Exercise: What's wanted is a faithful retyping of every entry, pictures excluded.
-.-.-
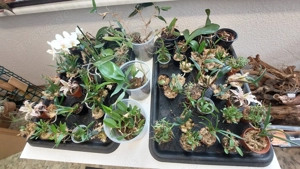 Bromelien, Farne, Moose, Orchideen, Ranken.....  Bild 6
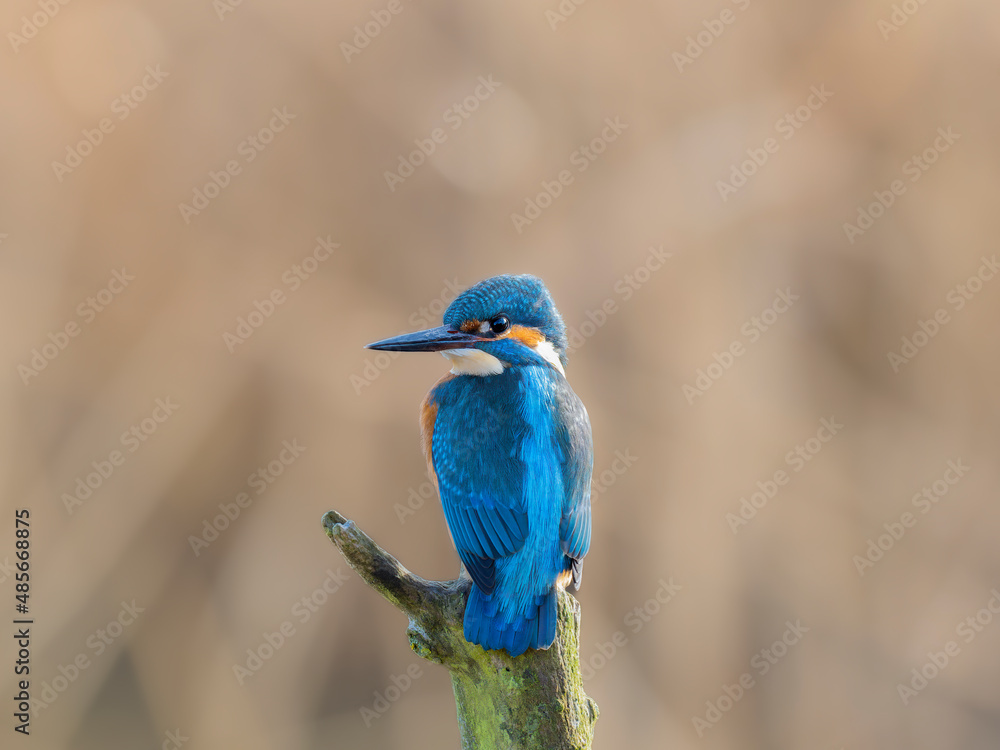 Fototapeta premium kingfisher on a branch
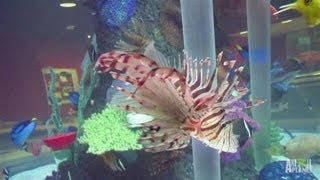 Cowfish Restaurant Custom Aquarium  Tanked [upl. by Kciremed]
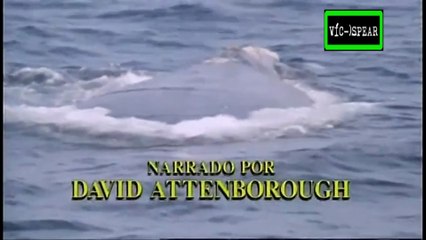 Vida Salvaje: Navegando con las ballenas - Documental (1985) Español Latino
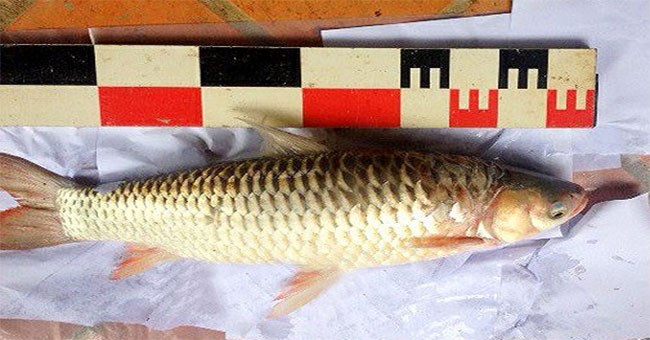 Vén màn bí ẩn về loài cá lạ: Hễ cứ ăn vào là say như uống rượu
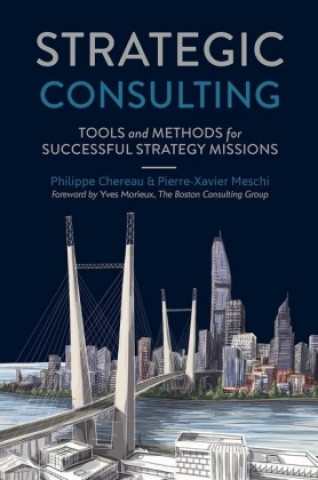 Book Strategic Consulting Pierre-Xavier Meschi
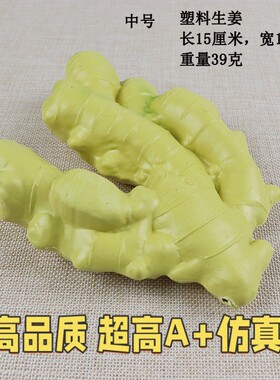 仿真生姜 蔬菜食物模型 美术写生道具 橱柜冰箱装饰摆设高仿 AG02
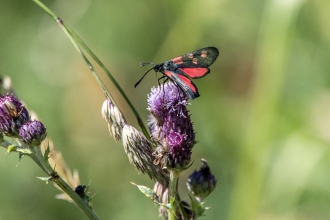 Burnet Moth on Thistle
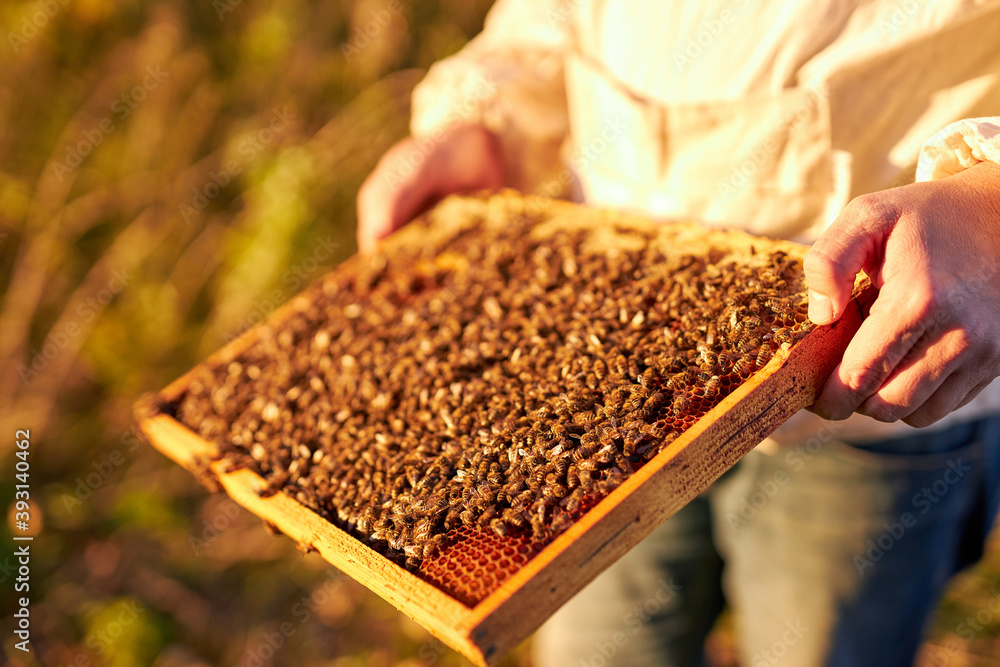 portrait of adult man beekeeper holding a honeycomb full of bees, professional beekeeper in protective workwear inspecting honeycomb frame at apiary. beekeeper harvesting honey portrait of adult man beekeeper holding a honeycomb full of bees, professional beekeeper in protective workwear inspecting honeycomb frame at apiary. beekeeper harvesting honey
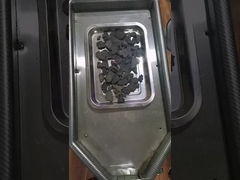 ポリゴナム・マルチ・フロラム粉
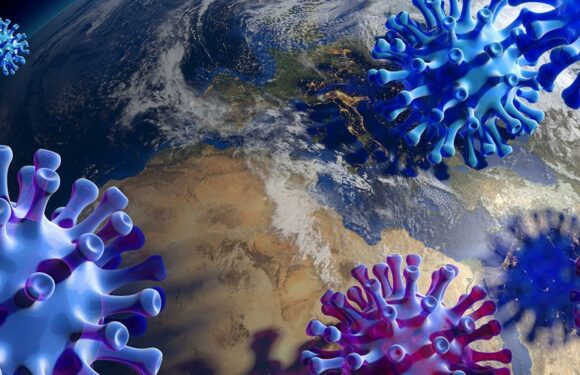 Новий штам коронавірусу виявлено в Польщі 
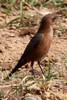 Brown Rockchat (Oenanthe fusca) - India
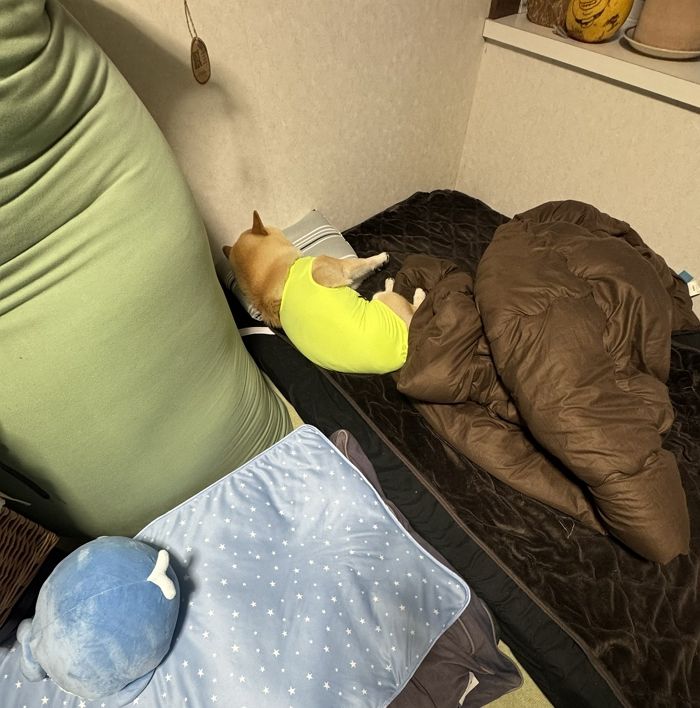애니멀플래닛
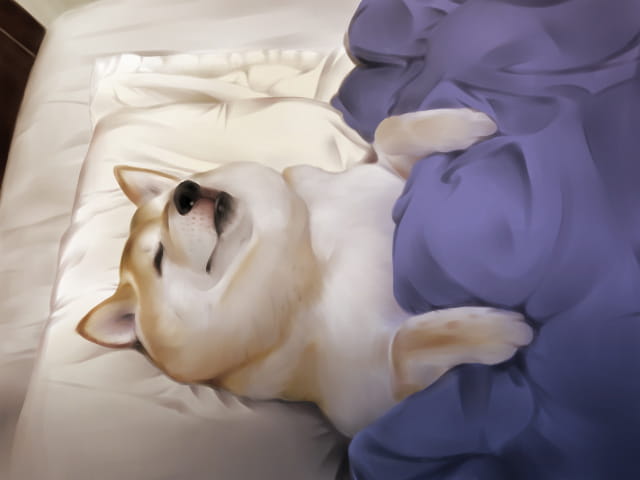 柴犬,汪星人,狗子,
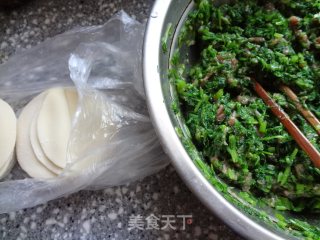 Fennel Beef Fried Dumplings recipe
-.-.-
Solution for this task:
 Bromelien, Farne, Moose, Orchideen, Ranken.....  Bild 6
 Fototapeta premium kingfisher on a branch
 Cowfish Restaurant Custom Aquarium  Tanked [upl. by Kciremed]
 Vida Salvaje: Navegando con las ballenas - Documental (1985) Español Latino
 Vén màn bí ẩn về loài cá lạ: Hễ cứ ăn vào là say như uống rượu
 Book Strategic Consulting Pierre-Xavier Meschi
 仿真生姜 蔬菜食物模型 美术写生道具 橱柜冰箱装饰摆设高仿 AG02
 Burnet Moth on Thistle
 portrait of adult man beekeeper holding a honeycomb full of bees, professional beekeeper in protective workwear inspecting honeycomb frame at apiary. beekeeper harvesting honey portrait of adult man beekeeper holding a honeycomb full of bees, professional beekeeper in protective workwear inspecting honeycomb frame at apiary. beekeeper harvesting honey
 ポリゴナム・マルチ・フロラム粉
 Новий штам коронавірусу виявлено в Польщі 
 Brown Rockchat (Oenanthe fusca) - India
애니멀플래닛
 柴犬,汪星人,狗子,
 Fennel Beef Fried Dumplings recipe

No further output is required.